With the news of Windows 8 supporting ARM architectures, the RISC vs CISC discussions are back on the internet. Funny, as the newer generation doesn’t appear to have much of a clue about anything. As I said before, it’s all about knowing the history. It’s funny to see that x86 actually appears to have ‘fanboys’, who will try to defend ‘their’ x86 architecture against the new competition from ARM.
For example, they try to name advantages for CISC. That is pretty ironic. For starters, CISC was not a conscious design philosophy. The acronym ‘CISC’ did not exist until ‘RISC’ was coined (it is in fact a retronym). RISC was a conscious design philosophy, trying to reduce the complexity in the instruction set, in order to make the architecture simpler and more efficient. This was a response to developments in both software (programming languages and compilers) and hardware (ever higher transistor density and propagation speeds). As a result of this new philosophy, everything that went before it, was referred to as CISC from then on. The family of CISC architectures therefore is far less coherent than the family of RISC architectures. After all, RISC follows a specific design philosophy, where CISC does not.

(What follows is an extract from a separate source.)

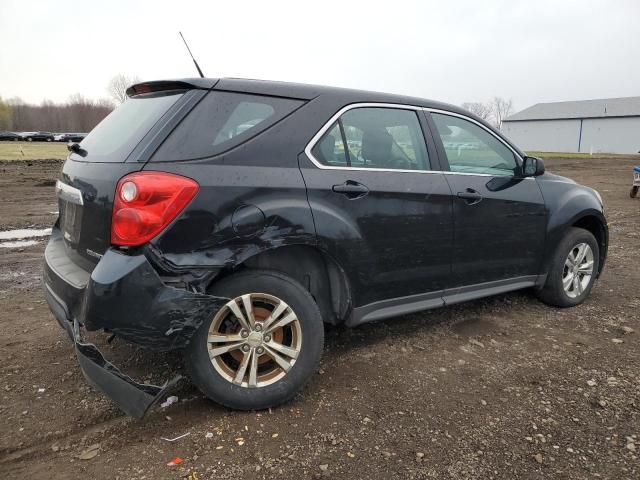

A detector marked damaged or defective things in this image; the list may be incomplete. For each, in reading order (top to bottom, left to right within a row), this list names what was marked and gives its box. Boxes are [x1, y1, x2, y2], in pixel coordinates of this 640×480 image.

detached rear bumper piece [43, 227, 228, 414]
damaged black suv [43, 79, 604, 416]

What people appear to be missing is that any advantages that a certain architecture may have, are very much related to the era in which that architecture was developed. The RISC philosophy responded to the demands of that era, just as the philosophy for various CISC architectures responded to the demands of their era (and in some cases also their intended purpose). While the x86 archictecture may have had some advantages at the time, that does not mean that these advantages are still valid today.
For example, many early CISC architectures, such as the x86, were designed with (semi-)variable instruction length. The advantage was that the most common instructions could be encoded with the shortest machine code sequences, which led to smaller code (a variation of entropy encoding/compression, if you will). This was a very valid consideration at the time, since memory was still a very limited resource. We are talking about computer systems that may have had in the range of 1KB to 256KB of memory. So every byte that you could save, mattered.

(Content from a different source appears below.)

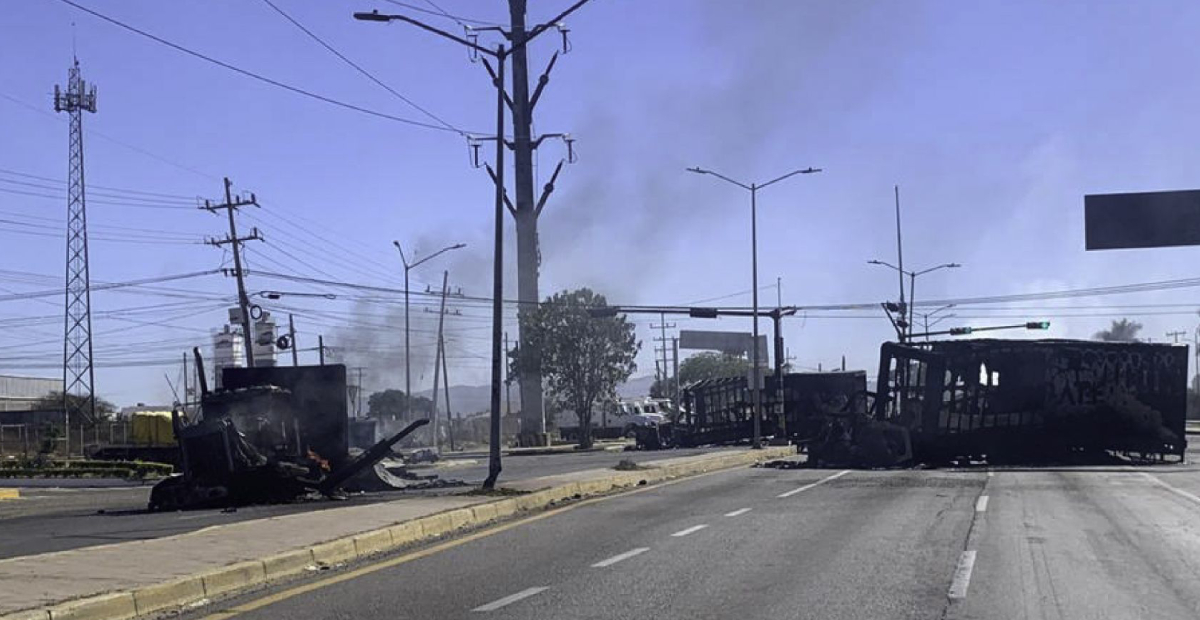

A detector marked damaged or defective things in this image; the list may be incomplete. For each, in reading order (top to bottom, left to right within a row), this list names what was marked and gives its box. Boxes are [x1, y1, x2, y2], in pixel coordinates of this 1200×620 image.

However, fast-forward to the RISC era, and memory was not such a limitation anymore. Besides, with developments in software, such as the GUI, memory demands changed. As programs became ever more graphical, the memory usage became less dependent on code, and more dependent on data (bitmaps, widgets, controls, that sort of thing). The instructionset of a CPU has little or no effect on this data, so the savings based on different instructionsets became less and less.
At the same time, memory buses became wider. A side effect of these wider buses was that they could generally only address words on word-alignment (and I mean words in the proper sense, the maximum addressable unit of the architecture… not the x86 definition of a word which is frozen-in-time as 16-bits, because that was the word size on early x86 architectures, which have since been replaced by architectures with 32-bit words and 64-bit words). 32-bit words were common in those days… so as an example: If you have a 32-bit word in memory, it has to be aligned on a 32-bit boundary. If you want to read a 32-bit word that is not aligned, this results in the memory controller reading two 32-bit aligned words and re-assembling the requested 32-bit word from these two words. A lot less efficient, obviously. Suddenly, having variable-length instructions seemed a lot less attractive, as you would constantly run into unaligned data. So what used to be an advantage of a CISC architecture, has now turned into a disadvantage, because time (and technology) has caught up with the original idea behind it. RISC would address this by forcing word-sized instructions, and forcing every instruction to be aligned. This made for a much simpler and more efficient instruction fetcher and decoder.
Some more irony is in the fact that x86 have been RISC processors as well, since the Pentium Pro/AMD K6 era (and the last iteration of that other legendary CISC architecture, the 68060, was also using a RISC backend). Namely, as x86 evolved generation after generation, it became too complex to implement every instruction in hardware directly. Instead, the decoder would first decode complex x86 instructions into a series of simpler instructions, and then execute these instructions one-at-a-time (it could also reorder the instructions for even more efficiency and instruction-level parallelism. A technique known as out-of-order execution). Intel named these internal instructions micro-ops. They were effectively an internal RISC instructionset. Since this internal instructionset was simple and efficient, it allowed the Pentium Pro architecture to reach much higher clockspeeds than before, while also reaching higher instruction throughput than ever before.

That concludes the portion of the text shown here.